Zaza Fournier et ses envies d'ailleurs
Zaza Fournier © DR

On peut désormais, à nouveau, compter avec Zaza Fournier. Quatre ans après un deuxième opus décevant, celle qui s'est fait remarquer en chantant sur le parvis de Beaubourg, renoue grâce à l'album Le départ, avec son style qui allie tradition et modernité. L'accordéon est savamment dosé et les mélodies insouciantes rayonnent.

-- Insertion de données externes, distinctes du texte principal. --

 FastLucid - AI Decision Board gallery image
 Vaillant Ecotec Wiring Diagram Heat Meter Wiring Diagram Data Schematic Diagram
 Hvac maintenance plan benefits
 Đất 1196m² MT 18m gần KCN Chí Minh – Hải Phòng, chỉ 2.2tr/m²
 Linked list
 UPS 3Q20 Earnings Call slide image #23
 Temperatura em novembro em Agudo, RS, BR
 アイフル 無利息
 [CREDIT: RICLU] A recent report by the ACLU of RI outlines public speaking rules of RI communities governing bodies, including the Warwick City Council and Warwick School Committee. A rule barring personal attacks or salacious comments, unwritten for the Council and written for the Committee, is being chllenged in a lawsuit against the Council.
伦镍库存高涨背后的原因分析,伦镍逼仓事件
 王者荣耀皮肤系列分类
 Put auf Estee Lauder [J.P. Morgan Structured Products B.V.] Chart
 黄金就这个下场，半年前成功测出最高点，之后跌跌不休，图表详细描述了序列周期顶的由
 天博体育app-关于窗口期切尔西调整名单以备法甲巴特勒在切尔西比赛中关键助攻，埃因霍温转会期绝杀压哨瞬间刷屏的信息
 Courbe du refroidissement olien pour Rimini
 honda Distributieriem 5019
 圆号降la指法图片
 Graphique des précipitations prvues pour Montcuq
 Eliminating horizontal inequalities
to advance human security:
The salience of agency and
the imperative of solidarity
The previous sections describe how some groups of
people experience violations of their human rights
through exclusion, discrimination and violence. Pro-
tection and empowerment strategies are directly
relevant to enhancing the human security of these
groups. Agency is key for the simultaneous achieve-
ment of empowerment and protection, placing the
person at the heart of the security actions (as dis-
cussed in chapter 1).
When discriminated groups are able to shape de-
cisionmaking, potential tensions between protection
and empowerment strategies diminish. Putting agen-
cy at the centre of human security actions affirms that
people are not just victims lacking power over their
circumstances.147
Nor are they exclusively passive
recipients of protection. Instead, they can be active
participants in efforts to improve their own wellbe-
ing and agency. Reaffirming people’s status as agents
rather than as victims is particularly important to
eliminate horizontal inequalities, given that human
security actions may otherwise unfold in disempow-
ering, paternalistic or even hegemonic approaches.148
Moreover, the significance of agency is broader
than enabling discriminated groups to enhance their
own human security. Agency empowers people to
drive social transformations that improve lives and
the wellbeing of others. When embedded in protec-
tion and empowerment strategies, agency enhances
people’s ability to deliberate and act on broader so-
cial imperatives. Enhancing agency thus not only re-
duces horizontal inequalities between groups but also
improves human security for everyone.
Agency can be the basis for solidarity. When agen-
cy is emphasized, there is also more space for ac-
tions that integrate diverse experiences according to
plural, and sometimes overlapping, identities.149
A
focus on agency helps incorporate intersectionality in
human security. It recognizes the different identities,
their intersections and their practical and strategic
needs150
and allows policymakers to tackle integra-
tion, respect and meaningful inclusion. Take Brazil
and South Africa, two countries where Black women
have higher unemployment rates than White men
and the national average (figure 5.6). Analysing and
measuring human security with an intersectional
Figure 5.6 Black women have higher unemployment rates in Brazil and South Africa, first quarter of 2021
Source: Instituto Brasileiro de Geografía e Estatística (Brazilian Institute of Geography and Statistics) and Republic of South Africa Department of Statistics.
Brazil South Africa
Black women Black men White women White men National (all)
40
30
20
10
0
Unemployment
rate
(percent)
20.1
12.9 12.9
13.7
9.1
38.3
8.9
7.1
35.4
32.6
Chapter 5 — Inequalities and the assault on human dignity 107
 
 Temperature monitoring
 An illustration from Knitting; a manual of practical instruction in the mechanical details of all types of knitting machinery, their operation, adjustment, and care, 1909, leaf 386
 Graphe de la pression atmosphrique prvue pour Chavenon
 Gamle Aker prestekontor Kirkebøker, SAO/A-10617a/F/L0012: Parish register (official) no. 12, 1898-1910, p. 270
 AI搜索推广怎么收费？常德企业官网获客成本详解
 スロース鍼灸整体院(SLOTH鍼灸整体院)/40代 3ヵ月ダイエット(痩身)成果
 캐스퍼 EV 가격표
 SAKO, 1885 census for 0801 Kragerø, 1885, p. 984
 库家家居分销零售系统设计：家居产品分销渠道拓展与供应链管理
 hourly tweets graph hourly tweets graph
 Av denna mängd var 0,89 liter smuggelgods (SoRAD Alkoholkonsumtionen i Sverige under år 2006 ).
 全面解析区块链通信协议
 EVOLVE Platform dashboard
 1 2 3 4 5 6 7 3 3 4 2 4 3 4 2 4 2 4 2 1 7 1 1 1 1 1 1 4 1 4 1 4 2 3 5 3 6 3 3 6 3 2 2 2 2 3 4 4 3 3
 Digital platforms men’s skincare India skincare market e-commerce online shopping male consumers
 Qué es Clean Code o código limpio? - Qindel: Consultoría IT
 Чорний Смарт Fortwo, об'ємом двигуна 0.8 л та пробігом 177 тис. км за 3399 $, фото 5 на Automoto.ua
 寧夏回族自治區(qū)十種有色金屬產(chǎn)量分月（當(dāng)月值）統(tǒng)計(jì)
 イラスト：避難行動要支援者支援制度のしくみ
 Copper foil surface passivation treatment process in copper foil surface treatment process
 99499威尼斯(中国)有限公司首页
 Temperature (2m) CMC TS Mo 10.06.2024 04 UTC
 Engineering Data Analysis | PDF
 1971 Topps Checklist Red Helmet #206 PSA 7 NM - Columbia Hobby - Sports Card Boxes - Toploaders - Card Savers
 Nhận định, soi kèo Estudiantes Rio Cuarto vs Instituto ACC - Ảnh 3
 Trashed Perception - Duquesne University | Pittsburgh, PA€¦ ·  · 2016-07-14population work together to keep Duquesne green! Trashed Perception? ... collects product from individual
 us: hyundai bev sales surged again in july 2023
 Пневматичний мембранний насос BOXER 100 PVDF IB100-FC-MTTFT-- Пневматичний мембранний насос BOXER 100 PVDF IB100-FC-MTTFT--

Elle fait partie de ces filles à la langue bien pendue. Libre et décomplexée. Juchée sur un tabouret, Zaza Fournier jouait les lucioles sur un accordéon éclatant de richesses sonores. Quoi d'autre pour l'accompagner ? Juste un iPod branché sur ampli. Il y avait chez elle un charme souple et contagieux.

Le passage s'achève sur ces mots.